I love Caroline Herring's voice. Not quite alto and not quite tenor (they do allow ladies to sing tenor, do they not?), it wavers between and, thanks to a natural tremor, is one of the more intriguing voices I've heard. That tremor, in fact, draws me in almost as much as Herring's songwriting which just seems to be getting better with each release. I knew she was a songwriter the first time I heard Lantana (here), Herring's impressive 2008 release. When 2009's Golden Apples of the Sun (here) hit the street, that knowledge was reinforced. I don't know which rock I was hiding under last year when The Little House Songs hit the street but after the many years of trauma of Little Joe's ham-fisted attempts at making the Little House into reality (he failed miserably), maybe I ran from that album on general principles. Well, not really.

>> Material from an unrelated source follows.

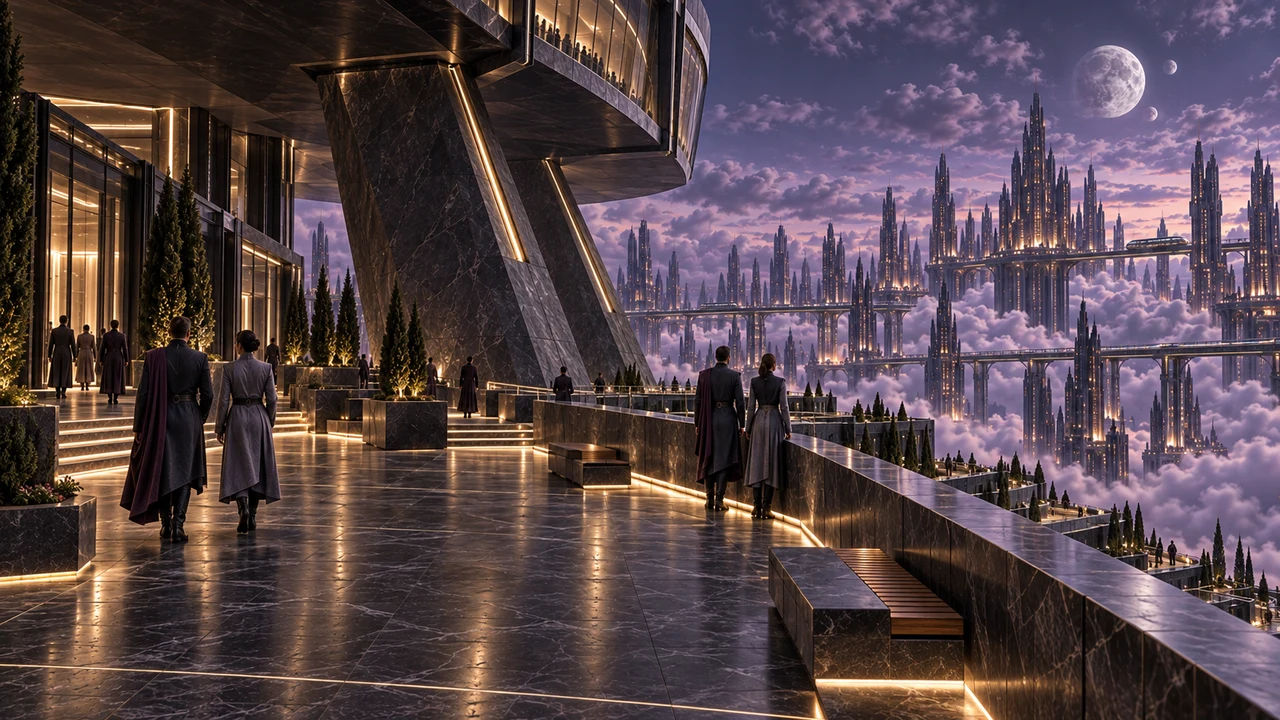 A lateral terrace beneath the raised Concordium, with stone benches, slender trees and figures in Caelvar attire facing the cloud city.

I just plain missed it and after hearing Camilla, I wish I hadn't because if it even approaches this album, it has to be solid.

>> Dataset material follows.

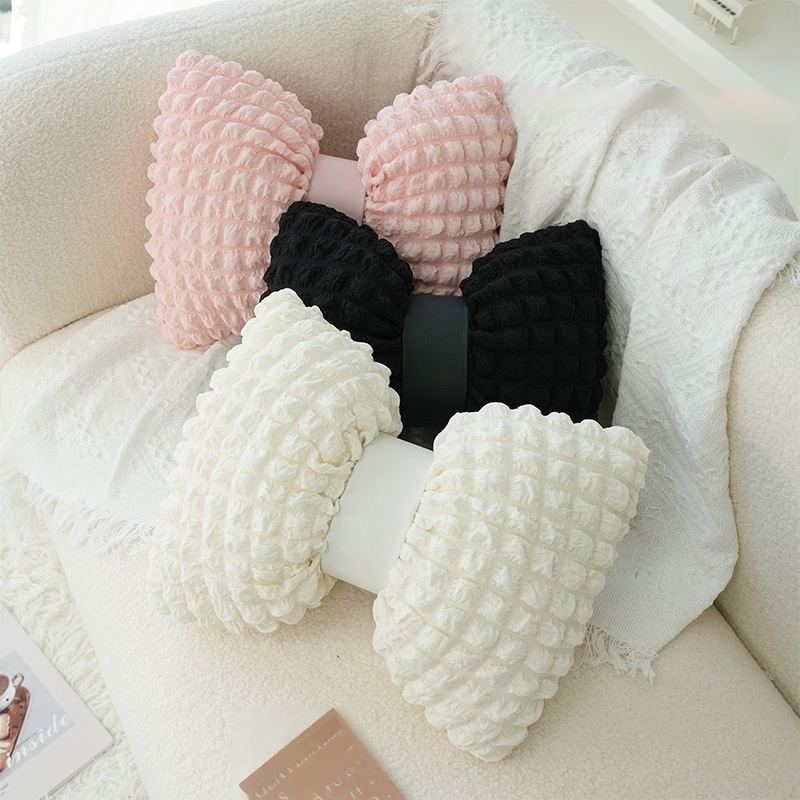 Home Decorative Bow Pillow Solid Color Sofa Cushion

I always looked upon Herring as a folkie. I may have been wrong. Camilla is so roots-based and the songs' presentations so natural I may have to reevaluate her entire output to-date. Those roots are mainly Southern but there are moments of modern folk and traditional folk as well, though the way Herring handles them you notice it little. It is more the instrumentation that strikes the ear, the finger-plucked and finger-picked guitars, pedal steel and violin cloaking each song in the instruments' aura of choice.
Songs that jumped off the disc right off are the folk-rockin' Camilla, the gospel-tinged Fireflies, the harmonious and a capella Traveling Shoes and the beautifully stunning White Dress, which is Herring all the way.
Performance: A. Production: A. Songwriting: A. That'll be hard to beat on the next album. Something to look forward to.